Omega: Which archetypes are most prevalent in leadership in Western culture?

Richard: Overwhelmingly, the ones I've seen through the majority of the 20 years I've been working in business have been the warrior and the strategist. The one who creates the plan, and the one who makes it happen.

Omega: Which archetypes are missing or underrepresented, and do you see them being cultivated anywhere?

Richard: There has often been a vast underutilization of the characters that have a more archetypal feminine tone, like the nurturer, the lover, the dreamer, and others like that. This probably isn’t a surprise, given the current state of the world.

What we're finding right now is that there is a huge need for more creativity and change-oriented leaders.
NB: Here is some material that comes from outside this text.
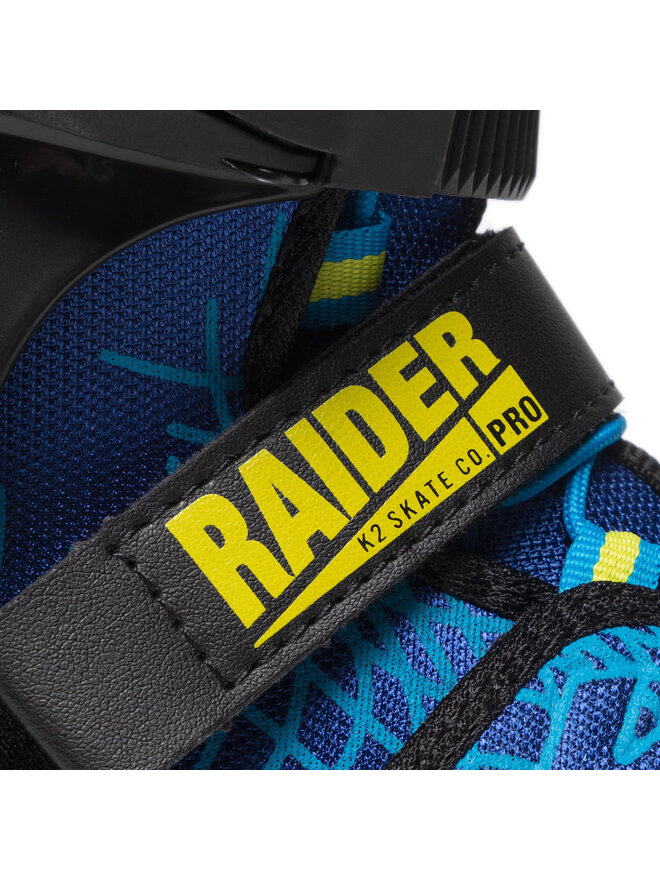K2 Skates Inline Skates Raider PRO LTD 30F0266 inline skates voor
So the archetypes of the dreamer, the storyteller, the renegade, and the transformer are now being actively sought by organizations. And a lot of organizations are struggling to marry the desired new with the established old.

Laurence: What I'm really interested in is what I would call the awakening of the feminine, or the awakening of right brain capacities in male leaders, which is unfortunately who still runs the world. So there’s a lot of value in awakening the feminine because that automatically causes transformation in a person.
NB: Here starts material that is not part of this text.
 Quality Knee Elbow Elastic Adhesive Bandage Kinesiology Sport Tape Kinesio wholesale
Omega: Do you think this type of change is possible within the current framework of the business world?

Laurence: There are plenty of people who are not going to change, and they’re usually older. Anybody I’ve worked with that’s 40 and younger is very interested and curious. They’ve often had a mystical experience they can’t explain, like having a baby or some other event that broke them open to something they hadn’t been able to access before. I want to be there to help them develop that and show them how those things are incredibly useful in business.
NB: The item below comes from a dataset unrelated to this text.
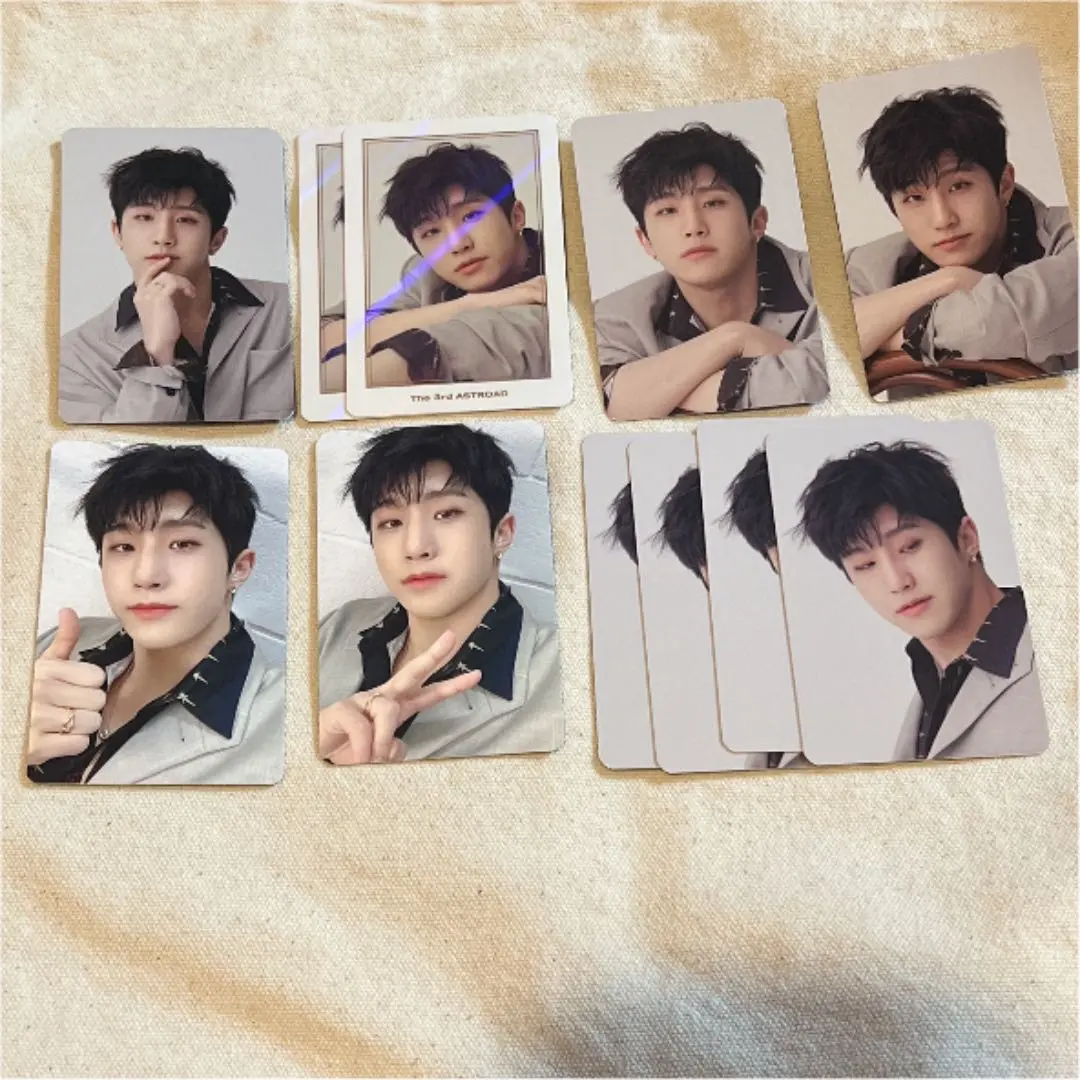 Thumbnail of JinJin Trading Card Set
For example, we’re hearing a lot these days about negative capability, which actually comes from a poem from Keats. It basically means being able to acknowledge that I don't have the answer and I'm going to sit here and sit still with it until I find an answer. That's very different than being in control and getting the data and making a decision. These kinds of capacities are necessary for the complexities of the world today, and I think it's a win-win because men get more open, more complete, and more full-brained as they develop this.

Richard: I’m working with people on both edges—those who are all about change and those who may want to but don’t know if they can change. Look at the difference between the automobile industry and Silicon Valley. Those are two ends of the spectrum. On the surface, they’re really different, but the ability to read the future and intuit what needs to happen and be able to respond to it is equally urgent in both cases.

Omega: Are we moving away from a top-down leadership model? What is the new model you see as a possibility?

Laurence: Jean Houston talks about how we are all leaders and that every one of us, every day, is showing something to others by how we show up in our life. Whether it’s with your family, your job, or yourself, you have a chance to become aware of how you’re leading.

Richard: This is really important. If there is a new archetype, it is one of distributed leadership. It isn’t about a few heroes moving things forward. It is in the vast collection of people who own leadership in themselves in creative ways. Everyone needs to be a leader now, no longer just the chosen few.

Laurence: Yes, one of the key questions we’re dealing with is how do you organize and lead a heterarchy? Many people are struggling with this, and I have yet to see any answers that are really convincing. When there are 10 or more people, it gets complicated. But this is one of the biggest questions of our time.

Omega: Do you work in politics? Do you see the same thing there as in business?

Richard: I have worked with politicians a number of times, including with high-ranking public servants. I think they operate under slightly different assumptions. Politicians tend to be, on the surface, more adaptable because they recognize they need to present different faces or different sides of themselves at times. They see part of their role as a performance, whereas in business people don’t think of themselves like that.

Laurence: I don’t work with a lot of politicians, but I do work with politics in organizations and families. Jung had this idea that what isn’t internalized shows up in our lives as an external figure. Often in people’s astrological chart, there is a character they don’t have access to. Let’s say a woman was told that girls never get angry or raise their voice. And so their Mars is completely unknown to them because of how they were raised.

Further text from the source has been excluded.